GremlinClientService

Description:

This client service configures a connection to a Gremlin Server and allows Gremlin queries to be executed against the Gremlin Server. For more information on Gremlin and Gremlin Server, see the Apache Tinkerpop project.

This client service supports two differnt modes of operation: Script Submission and Bytecode Submission, described below.

Script Submission

Script submission is the default way to interact with the gremlin server. This takes the input script and uses Script Submission to interact with the gremlin server. Because the script is shipped to the gremlin server as a string, only simple queries are recommended (count, path, etc) as there are no complex serializers available in this operation. This also means that NiFi will not be opinionated about what is returned, whatever the response from the tinkerpop server is, the response will be deserialized assuming common Java types. In the case of a Map return, the values will be returned as a record in the FlowFile response, in all other cases, the return of the query will be coerced into a Map with key "result" and value being the result of your script submission for that specific response.

Serialization Issues in Script Submission

A common issue when creating Gremlin scripts for first time users is to accidentally return an unserializable object. Gremlin is a Groovy DSL and so it behaves like compiled Groovy including returning the last statement in the script.

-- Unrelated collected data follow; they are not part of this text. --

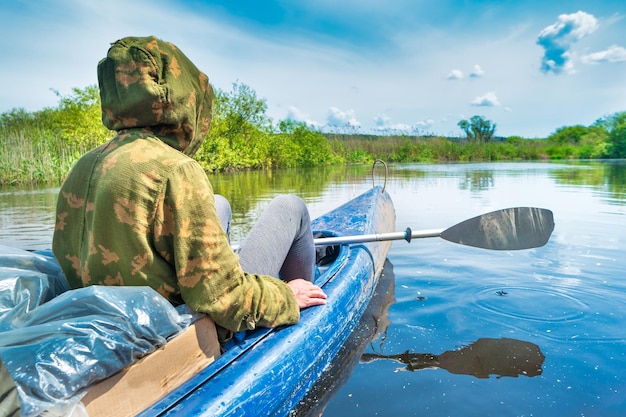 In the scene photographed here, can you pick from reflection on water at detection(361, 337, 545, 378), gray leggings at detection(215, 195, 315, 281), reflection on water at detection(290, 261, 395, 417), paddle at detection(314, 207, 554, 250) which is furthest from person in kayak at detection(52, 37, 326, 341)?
paddle at detection(314, 207, 554, 250)

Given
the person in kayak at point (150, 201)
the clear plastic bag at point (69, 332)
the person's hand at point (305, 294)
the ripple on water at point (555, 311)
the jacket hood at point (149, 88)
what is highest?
the jacket hood at point (149, 88)

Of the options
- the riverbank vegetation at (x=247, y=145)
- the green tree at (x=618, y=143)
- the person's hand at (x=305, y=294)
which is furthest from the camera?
the green tree at (x=618, y=143)

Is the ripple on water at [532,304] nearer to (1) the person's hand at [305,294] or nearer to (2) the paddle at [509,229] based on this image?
(2) the paddle at [509,229]

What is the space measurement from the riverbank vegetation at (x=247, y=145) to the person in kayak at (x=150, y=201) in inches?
579

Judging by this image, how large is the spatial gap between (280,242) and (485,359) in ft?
4.45

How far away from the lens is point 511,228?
3521mm

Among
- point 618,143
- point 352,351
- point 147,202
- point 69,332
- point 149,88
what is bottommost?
point 352,351

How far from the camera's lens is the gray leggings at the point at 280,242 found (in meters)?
1.84

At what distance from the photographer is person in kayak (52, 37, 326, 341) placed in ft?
3.83

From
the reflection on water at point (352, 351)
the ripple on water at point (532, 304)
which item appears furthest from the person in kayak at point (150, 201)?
the ripple on water at point (532, 304)

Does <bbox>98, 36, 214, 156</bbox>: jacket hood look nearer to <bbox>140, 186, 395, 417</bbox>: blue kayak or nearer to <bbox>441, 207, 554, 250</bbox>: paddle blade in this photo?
<bbox>140, 186, 395, 417</bbox>: blue kayak

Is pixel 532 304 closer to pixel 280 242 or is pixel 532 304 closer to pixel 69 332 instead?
pixel 280 242

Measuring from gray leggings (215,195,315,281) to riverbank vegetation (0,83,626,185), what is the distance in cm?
1425

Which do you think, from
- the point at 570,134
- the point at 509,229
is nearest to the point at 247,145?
the point at 509,229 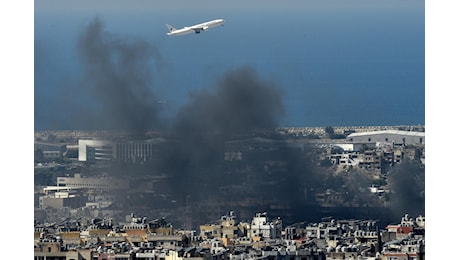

This is an example of a Gremlin script that could cause unexpected failures:

    g.V().hasLabel("person").has("name", "John Smith").valueMap()

The valueMap() step is not directly serializable and will fail. To fix that you have two potential options:

    //Return a Map
    g.V().hasLabel("person").has("name", "John Smith").valueMap().next()

Alternative:

    g.V().hasLabel("person").has("name", "John Smith").valueMap()
    true //Return boolean literal

Bytecode Submission

Bytecode submission is the more flexible of the two submission method and will be much more performant in a production system. When combined with the Yaml connection settings and a custom jar, very complex graph queries can be run directly within the NiFi JVM, leveraging custom serializers to decrease serialization overhead.

Instead of submitting a script to the gremlin server, requiring string serialization on both sides of the string result set, the groovy script is compiled within the NiFi JVM. This compiled script has the bindings of g (the GraphTraversalSource) and log (the NiFi logger) injected into the compiled code. Utilizing g, your result set is contained within NiFi and serialization should take care of the overhead of your responses drastically decreasing the likelihood of serialization errors.

As the result returned cannot be known by NiFi to be a specific type, your groovy script must rerun a Map<String, Object>, otherwise the response will be ignored. Here is an example:

    Object results = g.V().hasLabel("person").has("name", "John Smith").valueMap().collect()
    [result: results]

This will break up your response objects into an array within your result key, allowing further processing within nifi if necessary.